Basic Trig Question (1 Viewer)

[GaDaMIt]

Solve for 0 =< x =< 360

root 3 sin x + cos x = 0


show working or explain how you did it or something please

 

[Elvin]

don't use t formula.

 

[webby234]

You don't need t, you've missed the simple solution!

rt3 sinx = -cosx

-1/rt3 = sinx/cosx

tanx = -1/rt3

x = 150, 330

 

[housemouse]

T results are for 3 unit

 

[Elvin]

hence the don't use t formula.

 

[GaDaMIt]

ok thanks for that.. just one more..

Solve each of these homogeneous equations for 0 =< x =< 360 by dividing both sides by a suitable power of cos x. Give solutions to the nearest minute where necessary.

sin^3x + 2 sin^2x cosx + sinx cos^2x = 0

answers say 0, 180, 360, 135, 315.. im only getting those last two.. 135, 315?

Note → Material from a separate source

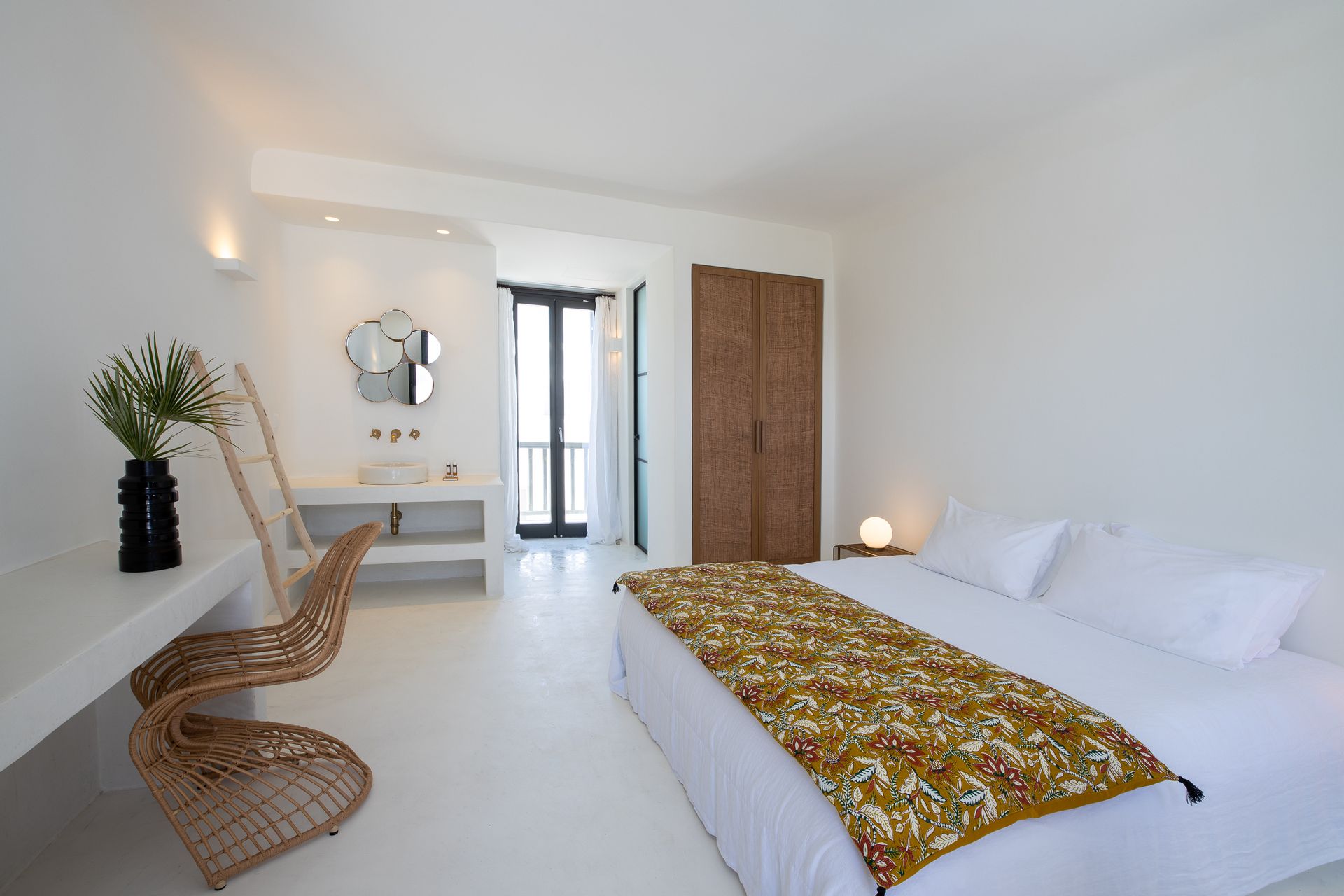 Koukoumi Hotel, Mykonos - Superior Suite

i get up to (tanx + 1)^2 = 0..

 

[Trev]

Taking out a factor of sinx and dividing by cos²x you should get:
sinx(tan²x+2tanx+1)=0
sinx(tan²x+1)²=0
The sinx will give you the other required solutions.

 

[webby234]

sin^3x + 2 sin^2x cosx + sinx cos^2x = 0

tan³x + 2tan²x + tanx = 0
tanx(tan²x + 2 tanx + 1) = 0
tanx(tanx + 1)² = 0

I think your problem comes here - you are neglecting the possibility that tan x = 0. The solutions are

tanx = -1 OR tanx = 0
So you get 135, 315 for the first one and 0, 180, 360 for the second one.

 

[webby234]

Haha three posts in a minute all giving slightly differnet solutions. airie, that is not the problem, as cos x is only zero at 90, 270 which are not solutions in this case. If cosx is zero, then sinx will still not be zero, so the equation is not satisfied.

 

[Riviet]

Webby's got it right.

 

[GaDaMIt]

Taking out a factor of sinx and dividing by cos²x you should get:
sinx(tan²x+2tanx+1)=0
sinx(tan²x+1)²=0
The sinx will give you the other required solutions.

sin^3x + 2 sin^2x cosx + sinx cos^2x = 0

tan³x + 2tan²x + tanx = 0
tanx(tan²x + 2 tanx + 1) = 0
tanx(tanx + 1)² = 0

I think your problem comes here - you are neglecting the possibility that tan x = 0. The solutions are

tanx = -1 OR tanx = 0
So you get 135, 315 for the first one and 0, 180, 360 for the second one.

Ahh yeah.. i see LOL stupid mistake.. my bad.. thanks HEAPS GUYS !!

 

[airie]

Haha three posts in a minute all giving slightly differnet solutions. airie, that is not the problem, as cos x is only zero at 90, 270 which are not solutions in this case. If cosx is zero, then sinx will still not be zero, so the equation is not satisfied.

Oh yes, that's right Post deleted

 

[Elvin]

Taking out a factor of sinx and dividing by cos²x you should get:
sinx(tan²x+2tanx+1)=0
sinx(tan²x+1)²=0
The sinx will give you the other required solutions.

touche by taking the sinx and not the tanx out.
touche salesman.